OUR VIEW

Our View: California Legislature actually getting something done

May 15, 2014 

This is refreshing. In two days, there have been two developments out of Sacramento that make us want to applaud.

Wednesday, the governor signed into law a bill that will pull back the veil on secret donations made to influence California elections. Some big donors on either side of the political spectrum would prefer people not know they are backing a particular cause or candidate, most often because that bill or candidate is serving the donor’s interest.

Wanting to remain secret, the big donors give often huge donations to political action committees, called super PACs. The nice thing about a super PAC is that it can take as much money as it wants from corporations, individuals or unions. The bad thing is that it is prohibited from giving that money directly to candidates or campaigns.

To get that money into the desired races, a middle man is needed. These middle men also serve the function of keeping the donors’ names secret. That’s why such contributions have a name: dark money.

It’s all very hush-hush, but typical of the way things are done on the national level.

One of the most notorious examples – and the one that sparked Senate Bill 27 – was the millions contributed by the Koch brothers to defeat Proposition 30 and promote Proposition 32 in 2012. That resulted in a $1 million fine.

With SB 27, California has unmasked those secretitive donors. A who’s who of good-government groups backed this bill – Common Cause, the League of Women Voters, California Forward, even Bill Moyer.
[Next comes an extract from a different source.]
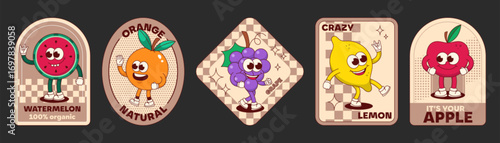 Retro fruit sticker set with cartoon characters and vintage checkerboard patterns for nostalgic branding. Smiling food mascots with playful typography for organic food packaging or children products.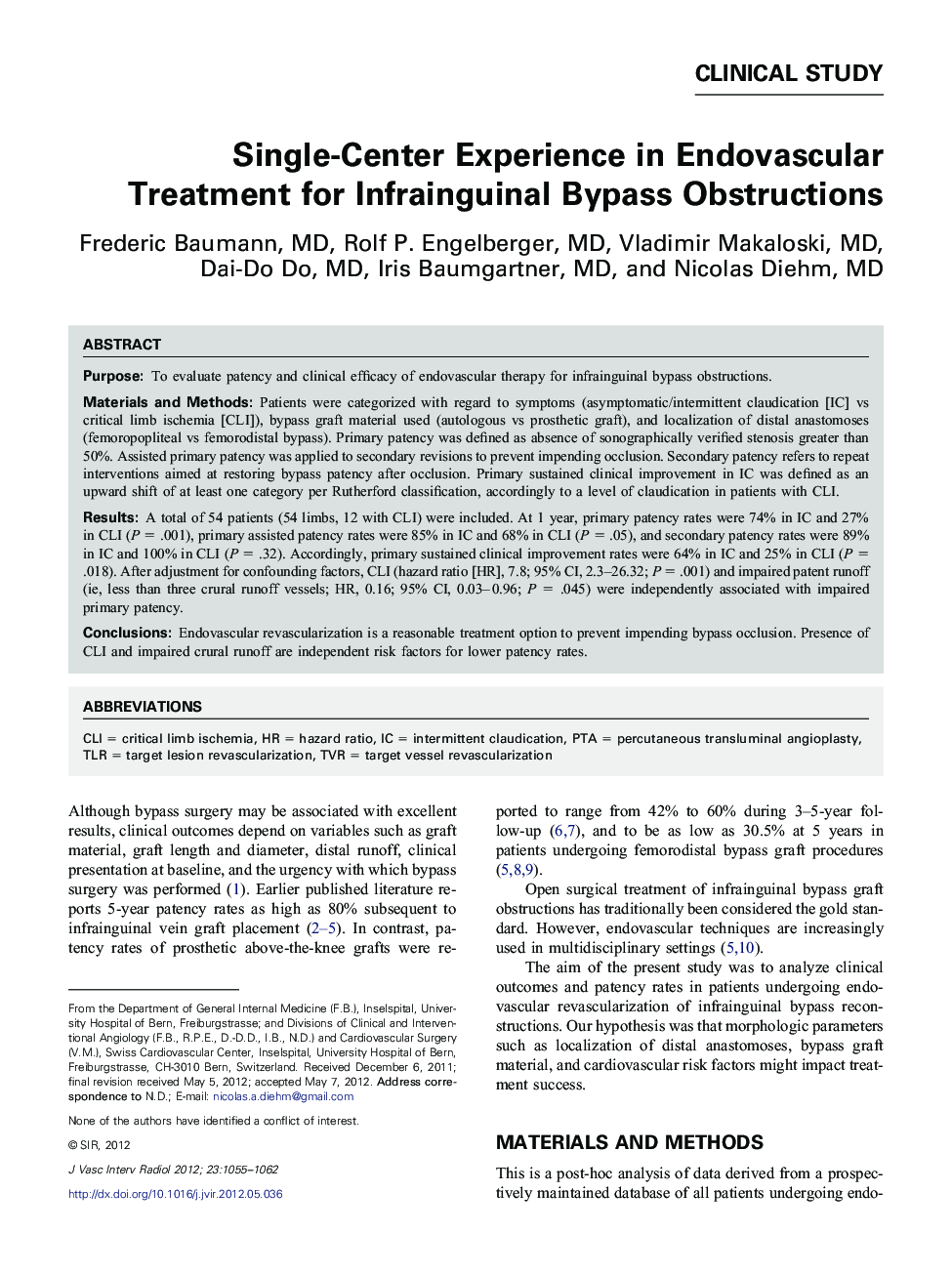 Single-Center Experience in Endovascular Treatment for Infrainguinal Bypass Obstructions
“Our democracy is tarnished when millions of dollars is funneled through a web of shadowy, out-of-state organizations to hide the identities of campaign contributors,” said Brown spokesman Evan Westrup. “This bill helps close this dark money loophole by ensuring Californians know who is giving and where the money trail starts.”

Thurday, the Legislature unanimously passed a rainy day fund measure – sponsored by Ceres’ Anthony Cannella – to set aside 1.5 percent of the general fund each year to protect taxpayers against catastrophic budget deficits. If voters approve this proposal in November (and we hope they do), and if it works as it’s supposed to, up to 10 percent of the state’s annual budget eventually could be held in reserve. That will come in handy when the next bubble bursts.

Let’s repeat that: the Democratic-controlled Senate unanimously passed a bill sponsored by a Republican. Yes, that’s our applause you’re hearing.